**Listed entries:**
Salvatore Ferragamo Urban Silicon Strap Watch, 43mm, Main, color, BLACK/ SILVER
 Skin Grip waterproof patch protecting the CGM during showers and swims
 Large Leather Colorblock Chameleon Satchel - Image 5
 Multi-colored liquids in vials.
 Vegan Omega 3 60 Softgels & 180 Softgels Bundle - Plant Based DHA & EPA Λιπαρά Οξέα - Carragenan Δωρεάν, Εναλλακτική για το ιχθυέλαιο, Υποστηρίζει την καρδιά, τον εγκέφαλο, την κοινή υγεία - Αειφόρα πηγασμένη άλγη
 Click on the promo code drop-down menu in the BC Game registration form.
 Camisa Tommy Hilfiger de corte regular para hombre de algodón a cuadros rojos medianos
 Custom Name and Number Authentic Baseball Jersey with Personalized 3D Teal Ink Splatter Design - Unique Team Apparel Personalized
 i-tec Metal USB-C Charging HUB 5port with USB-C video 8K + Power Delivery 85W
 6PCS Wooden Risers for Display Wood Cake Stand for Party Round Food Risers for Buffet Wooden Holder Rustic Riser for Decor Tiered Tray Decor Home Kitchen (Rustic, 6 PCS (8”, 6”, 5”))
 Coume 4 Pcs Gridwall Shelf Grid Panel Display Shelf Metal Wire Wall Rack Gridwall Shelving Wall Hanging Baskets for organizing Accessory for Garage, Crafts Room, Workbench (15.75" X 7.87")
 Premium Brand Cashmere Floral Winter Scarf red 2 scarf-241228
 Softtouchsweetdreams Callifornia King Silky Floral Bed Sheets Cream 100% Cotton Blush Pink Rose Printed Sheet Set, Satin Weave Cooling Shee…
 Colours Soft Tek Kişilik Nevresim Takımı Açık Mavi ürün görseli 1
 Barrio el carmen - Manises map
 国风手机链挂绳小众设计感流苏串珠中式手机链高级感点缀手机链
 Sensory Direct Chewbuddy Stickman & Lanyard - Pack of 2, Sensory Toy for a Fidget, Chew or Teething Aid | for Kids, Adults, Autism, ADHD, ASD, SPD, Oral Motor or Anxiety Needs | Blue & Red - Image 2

**About this exercise:** What the task asks for is a word-for-word repeat of the lines above, from the first through the one containing "Custom Name and".

**Exercise solution:**
Salvatore Ferragamo Urban Silicon Strap Watch, 43mm, Main, color, BLACK/ SILVER
 Skin Grip waterproof patch protecting the CGM during showers and swims
 Large Leather Colorblock Chameleon Satchel - Image 5
 Multi-colored liquids in vials.
 Vegan Omega 3 60 Softgels & 180 Softgels Bundle - Plant Based DHA & EPA Λιπαρά Οξέα - Carragenan Δωρεάν, Εναλλακτική για το ιχθυέλαιο, Υποστηρίζει την καρδιά, τον εγκέφαλο, την κοινή υγεία - Αειφόρα πηγασμένη άλγη
 Click on the promo code drop-down menu in the BC Game registration form.
 Camisa Tommy Hilfiger de corte regular para hombre de algodón a cuadros rojos medianos
 Custom Name and Number Authentic Baseball Jersey with Personalized 3D Teal Ink Splatter Design - Unique Team Apparel Personalized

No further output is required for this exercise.